TASK DESCRIPTION: Any picture in the data below should be skipped, while every line is repeated exactly.

RECORDED INFORMATION:
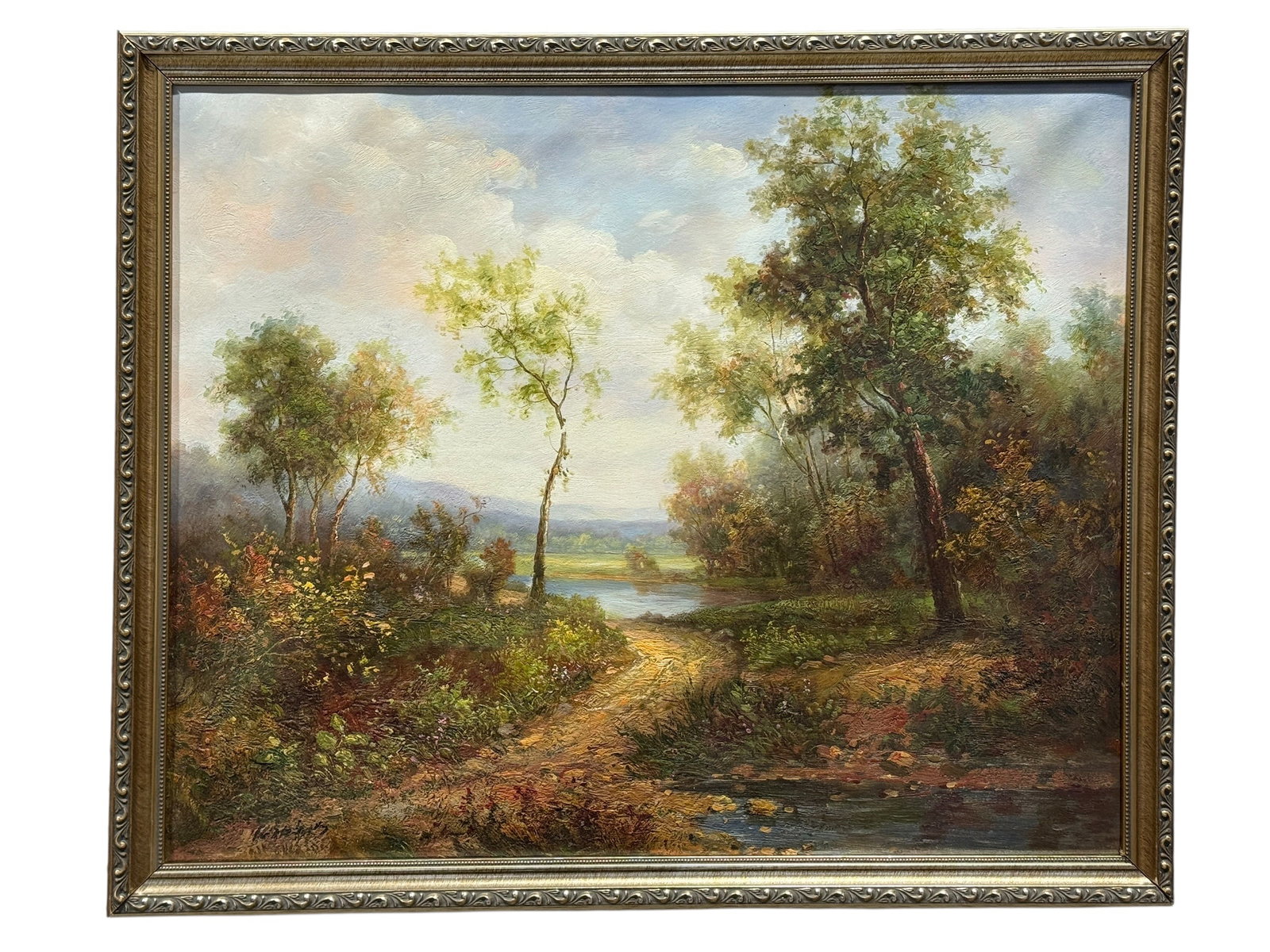 Signed Oil on Canvas Woodland River Landscape w/ Distant Mountains: A warmly atmospheric woodland vista unfolds around a quiet river in this richly textured oil on canvas, drawing the eye along a sunlit earthen path toward calm water, open meadows, and hazy blue mount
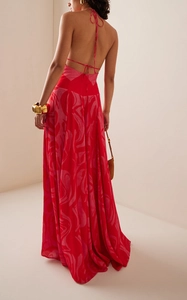 Detail of red floral halter maxi dress with delicate back tie design and flowy skirt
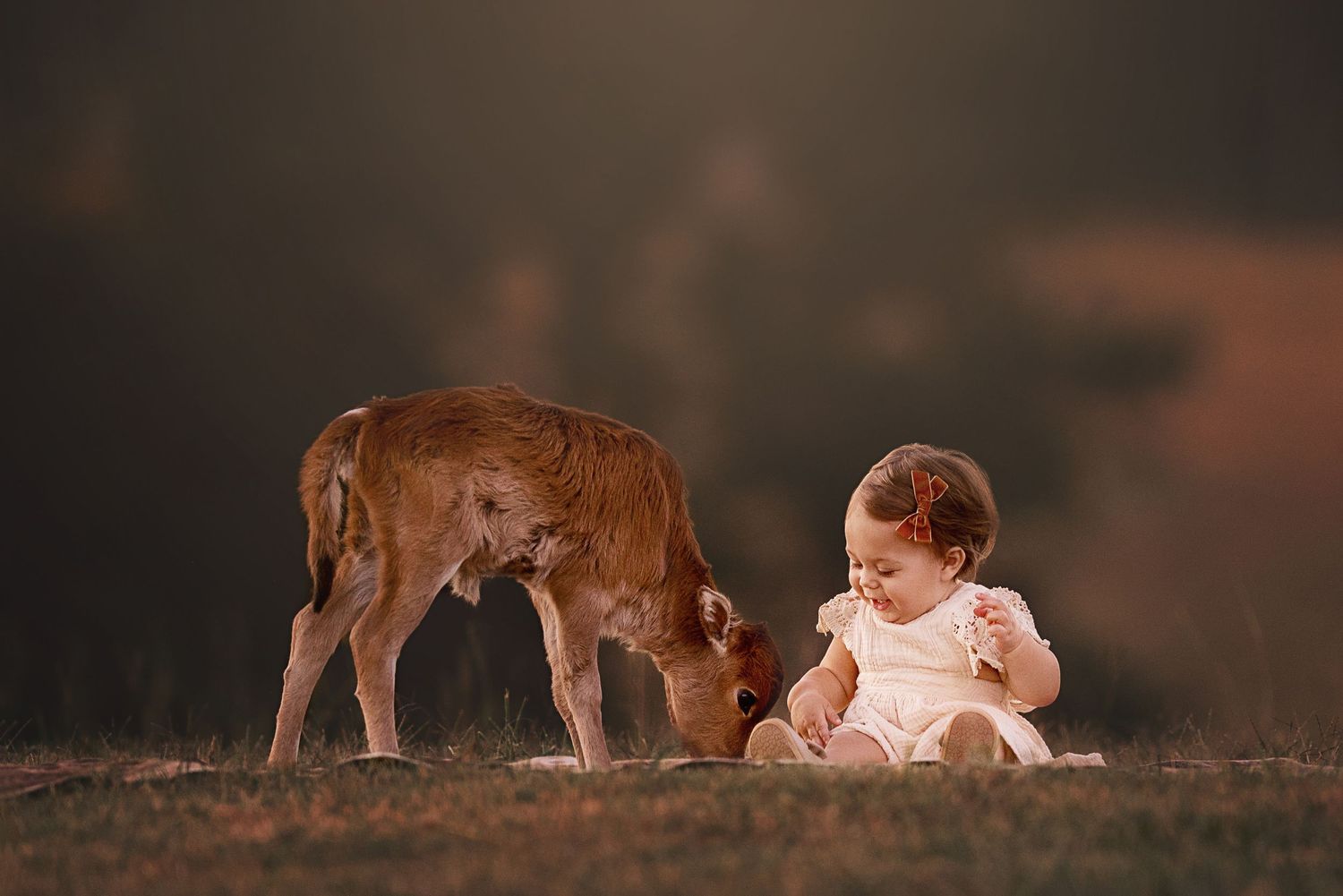 A young deer and a child in a white dress sit together in a meadow during golden hour.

SOLUTION:
 Signed Oil on Canvas Woodland River Landscape w/ Distant Mountains: A warmly atmospheric woodland vista unfolds around a quiet river in this richly textured oil on canvas, drawing the eye along a sunlit earthen path toward calm water, open meadows, and hazy blue mount
 Detail of red floral halter maxi dress with delicate back tie design and flowy skirt
 A young deer and a child in a white dress sit together in a meadow during golden hour.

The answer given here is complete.